Nitroglycerin is prepared by nitration of glycerin. In the process, glycerin is slowly tipped into a mix of concentrated nitric and sulfuric acids. The solution is slowly mixed. The temperature should never exceed 30 °C, otherwise there is a risk of explosion.

When the reaction is over, the mix is poured into a large amount of water. The nitroglycerin settles and is washed with water and sodium carbonate until it becomes neutral.

Manufacture

The industrial manufacturing process uses a 50:50 mixture of fuming sulphuric acid (fuming means it is very concentrated) and red fuming nitric acid. This produces nitronium ions in situ, which attack glycerin (also called glycerol) at its negatively charged oxygen atoms. The functional group NO2 is thus added, adding extra oxygen atoms to the flammable substance glycerin.

The use of strong acids almost always results in an exothermic reaction (i.e., heat is produced), and this reaction is no exception. However, if the mixture becomes too hot, it explodes. Thus, the acid mixture is added slowly to the reaction vessel containing the glycerin. The reaction vessel itself is cooled with ice-cold water or some other coolant mixture at about 0 °C. The vessel itself has an emergency trap door at its bottom, which hangs over a large pool of very cold water. If sensors in the mixture detect the temperature rising too rapidly, then the whole mixture can be dumped into the ice-cold water, which prevents an explosion if done in time.

Medical use

In medicine, nitroglycerin is used as a heart medication (under the trade names Nitrospan and Nitrostat). It is used as a medicine for angina pectoris (ischaemic heart disease) in tablets, ointment, or solution for intravenous use.

The principal action of nitroglycerin is vasodilation, that is, widening of the blood vessels.
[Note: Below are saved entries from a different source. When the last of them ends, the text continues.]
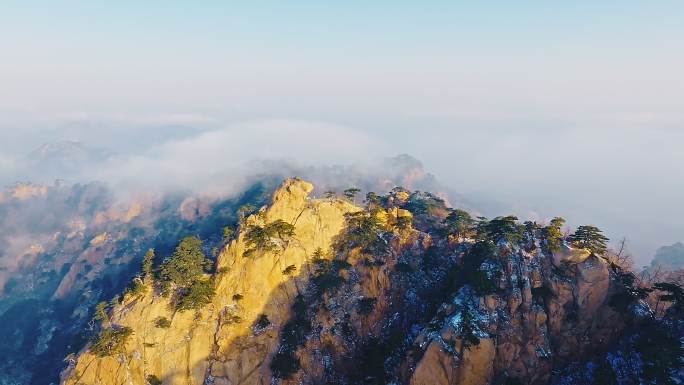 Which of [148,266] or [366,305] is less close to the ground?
[148,266]

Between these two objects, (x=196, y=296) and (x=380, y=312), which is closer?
(x=196, y=296)

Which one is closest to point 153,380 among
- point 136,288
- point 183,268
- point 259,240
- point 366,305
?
point 136,288

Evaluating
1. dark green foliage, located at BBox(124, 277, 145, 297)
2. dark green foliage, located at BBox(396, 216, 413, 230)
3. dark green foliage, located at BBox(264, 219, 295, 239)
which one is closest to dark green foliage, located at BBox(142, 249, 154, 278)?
dark green foliage, located at BBox(124, 277, 145, 297)

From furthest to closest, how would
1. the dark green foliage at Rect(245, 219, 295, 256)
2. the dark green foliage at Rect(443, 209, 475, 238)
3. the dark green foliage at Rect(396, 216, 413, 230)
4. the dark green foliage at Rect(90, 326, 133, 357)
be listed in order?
the dark green foliage at Rect(396, 216, 413, 230) → the dark green foliage at Rect(443, 209, 475, 238) → the dark green foliage at Rect(245, 219, 295, 256) → the dark green foliage at Rect(90, 326, 133, 357)

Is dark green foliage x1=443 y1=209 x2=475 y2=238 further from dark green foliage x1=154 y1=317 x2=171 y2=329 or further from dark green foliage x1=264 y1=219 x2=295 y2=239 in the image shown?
dark green foliage x1=154 y1=317 x2=171 y2=329

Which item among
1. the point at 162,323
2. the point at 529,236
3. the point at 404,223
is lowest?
the point at 162,323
The main effects of nitroglycerin in episodes of angina pectoris are

These effects come about because nitroglycerin is converted to nitric oxide in the body (by a mechanism that is not completely understood), and nitric oxide in turn is a well-known natural vasodilator.

Terrorism

The Manila-based terrorist plot known as Project Bojinka called for the bombing of 11 airliners over the Pacific Ocean on January 21 and 22, 1995. Al Qaida agents were planned to plant liquid bombs, called "Mark II" "microbombs" on the aircraft. The device was inside Casio digital watches that contain nitroglycerin for the explosive and stabilizing that looked like cotton balls. Two 9 Volt batteries taken from children's toys were used to power light bulb filaments and to detonate the nitroglycerin. Trace amounts of sulphuric acid, nitrobenzene, silver azide, liquid acetone, and nitrate were present. The wiring was attached to the arm of the watch using a tiny space below the calculator. The alteration was so small that one could still wear the bomb as a watch.

This bomb was tested several times, first by Al-Qaida member Ramzi Yousef inside of a mall in Cebu City, then by cohort Wali Khan Amin Shah inside the Greenbelt Theatre in Manila on December 1, 1994.

The bomb also was tested on Philippine Airlines Flight 434 on December 11, 1994. He boarded the plane under an assumed name while hiding the batteries in the soles of his shoes. He assembled the bomb in the lavatory on the flight's Ninoy Aquino International Airport to Cebu leg. He stuck it under his seat and left the plane in Mactan-Cebu International Airport. The bomb exploded on the Cebu to New Tokyo International Airport (Narita, Japan), leg, killing a Japanese businessman and injuring 10. The plane made an emergency landing at Naha, Okinawa.

Project Bojinka was foiled on the night of January 6 and the morning of January 7, 1995, when Manila police found the plans and the bomb factory in Yousef's Manila apartment after a chemical fire occurred there.